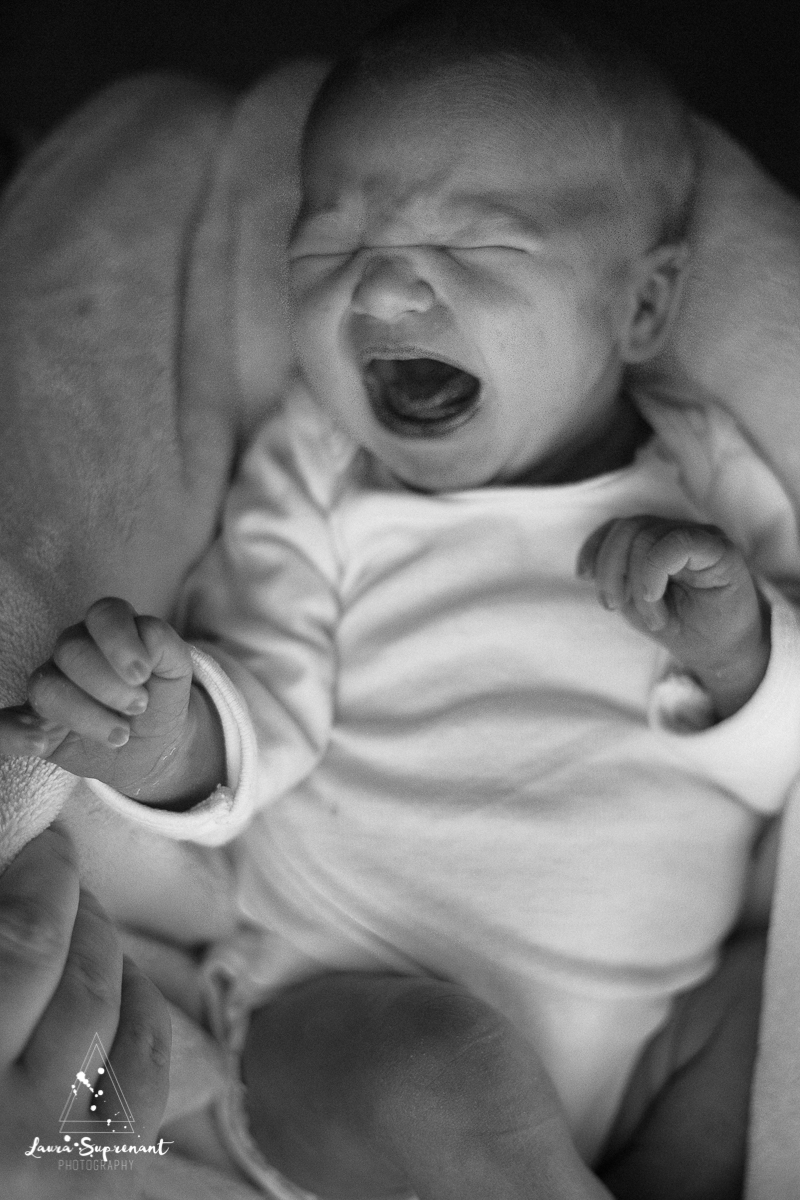 newborn_photographer_chicago-4.jpg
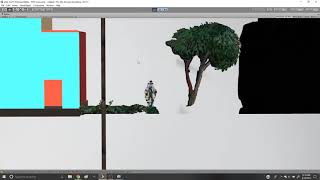 Unity c# mouse position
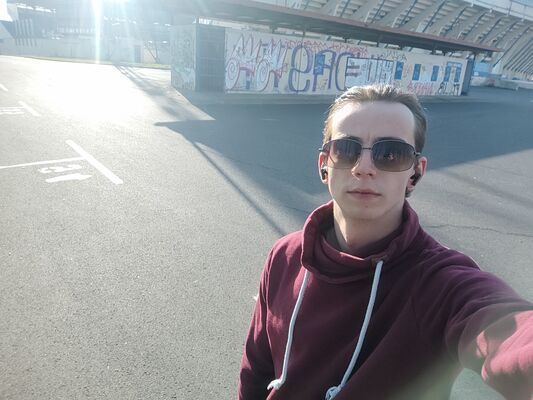  Bohnice,   , 23 ,   ,   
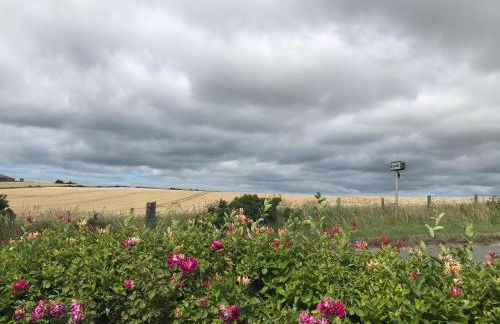 Crossgates, Rosehearty - Foto 3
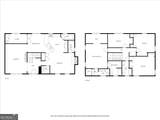 99 Janie Beth Drive - Photo 65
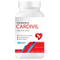 CARDIVIL (LOW PRICE)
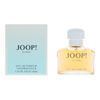 JOOP! Le Bain woda perfumowana  40 ml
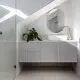 Techno Veneer Slat 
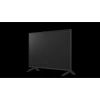 Телевізор LG 43QNED84A3C QNED 43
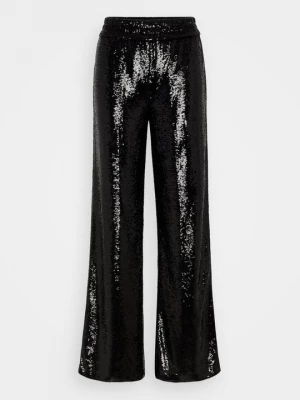 Obrázek produktu Kalhoty AllSaints černá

* **Aim of the exercise**:
Your copy should hold exactly the lines from the one with "Techno Veneer Slat" through the final line of the records, both ends included, and no pictures.

* **Reply to the task**:
 Techno Veneer Slat 
 Телевізор LG 43QNED84A3C QNED 43
 Obrázek produktu Kalhoty AllSaints černá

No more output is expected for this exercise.